**PROMPT**
If pictures are present, leave them out, and copy the data word for word.

**AVAILABLE DATA**
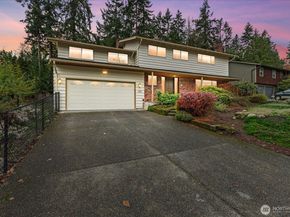1007 174th Avenue NE, Bellevue WA 98008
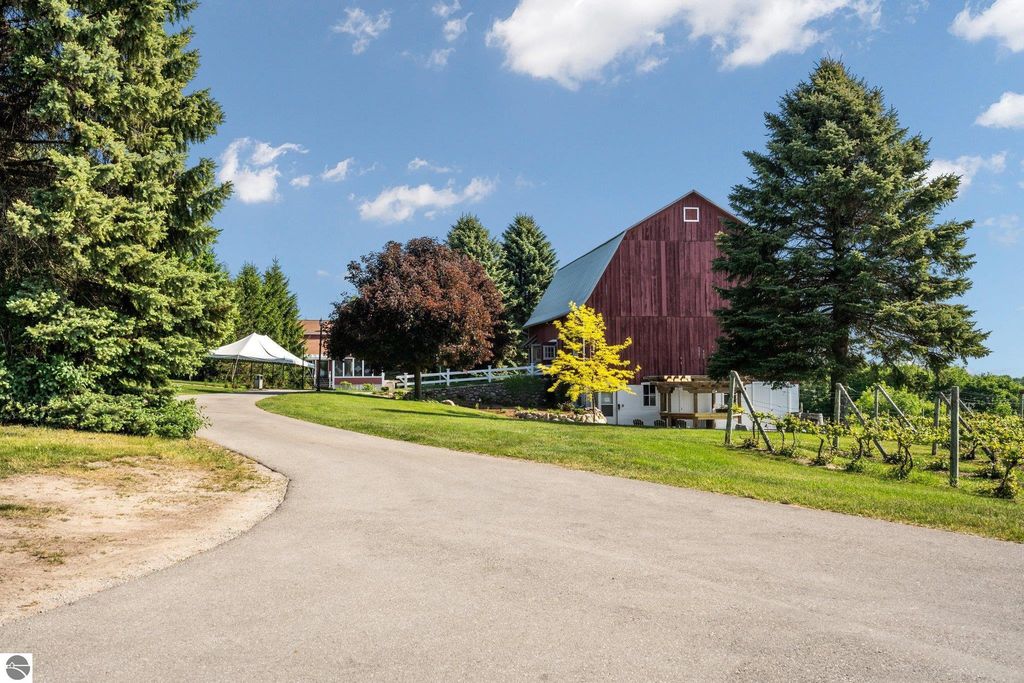 Image 67 of property listing at 10343 E Hilltop Road, Suttons Bay, MI 49682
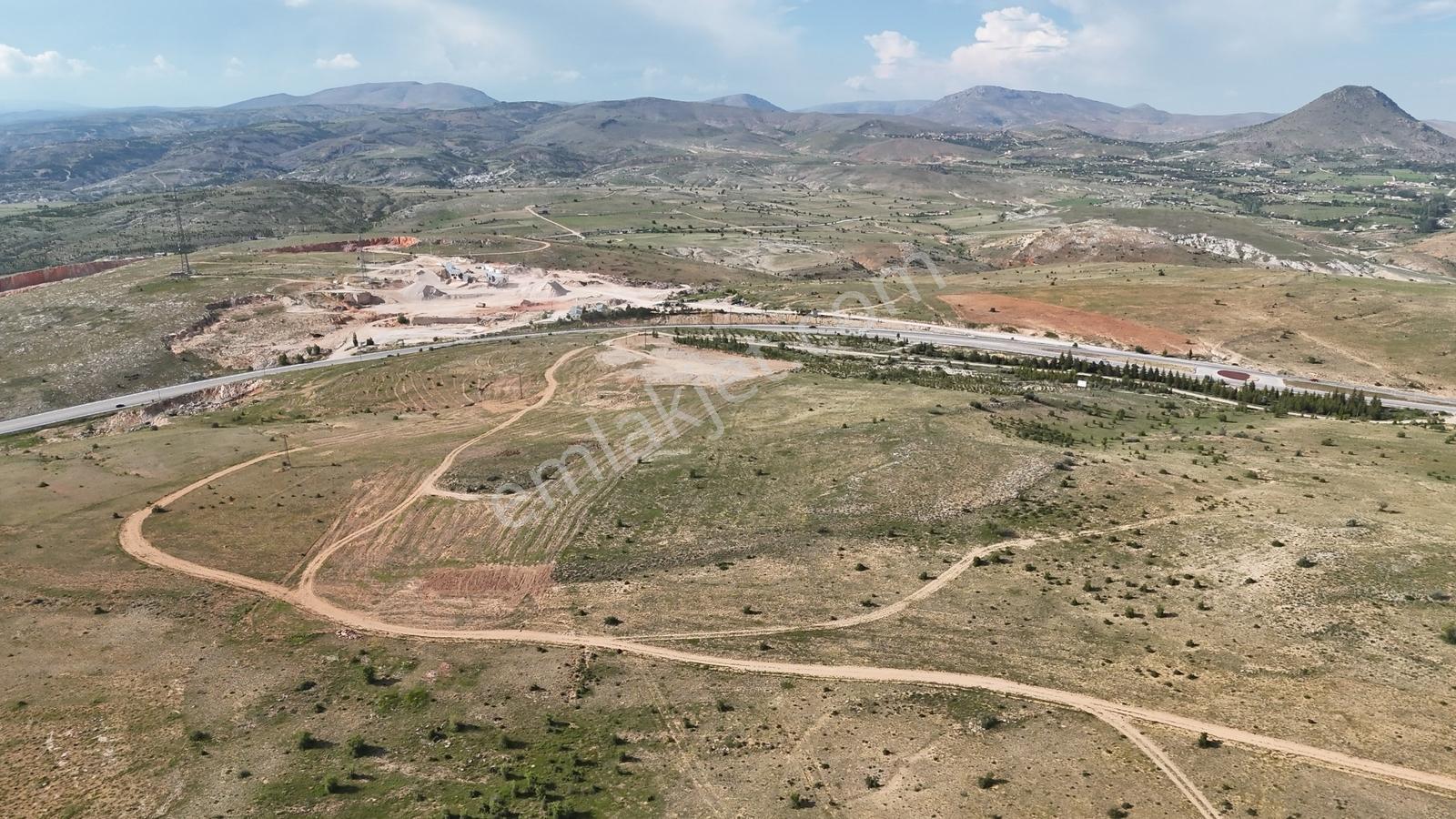 Belenbaşı Tepesi'nde Panoramik Manzaralı 32.400 M² Müstakil Tapu - Görsel 13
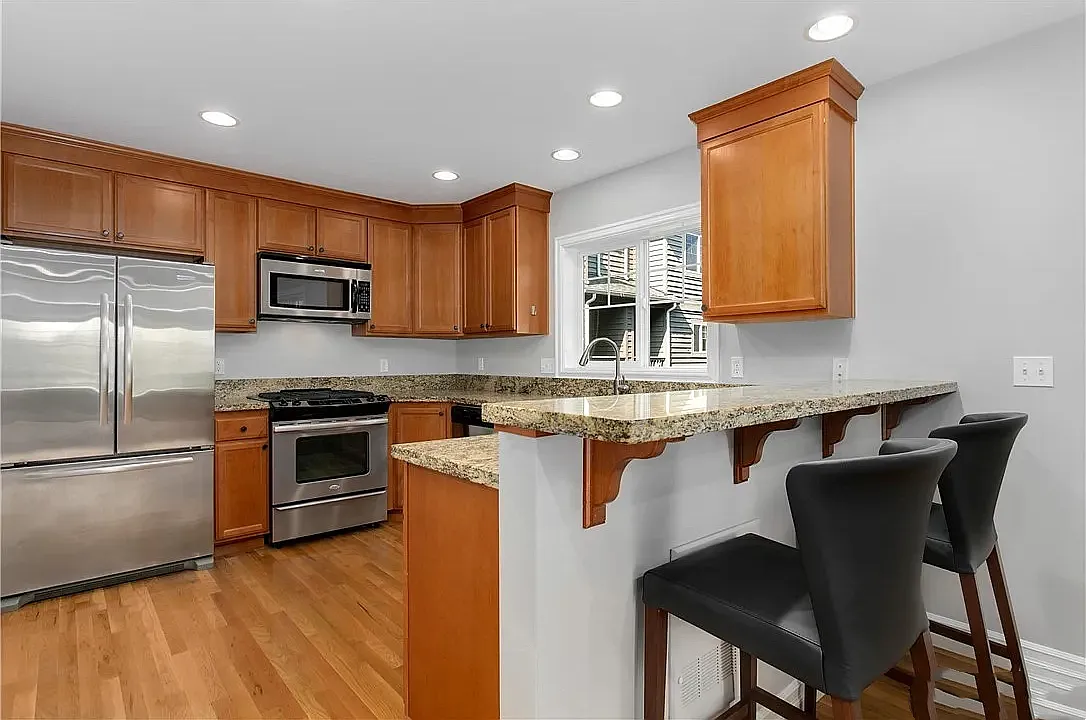 3 bed, 1560 sqft, $3,350 — Photo 4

**SOLUTION**
1007 174th Avenue NE, Bellevue WA 98008
 Image 67 of property listing at 10343 E Hilltop Road, Suttons Bay, MI 49682
 Belenbaşı Tepesi'nde Panoramik Manzaralı 32.400 M² Müstakil Tapu - Görsel 13
 3 bed, 1560 sqft, $3,350 — Photo 4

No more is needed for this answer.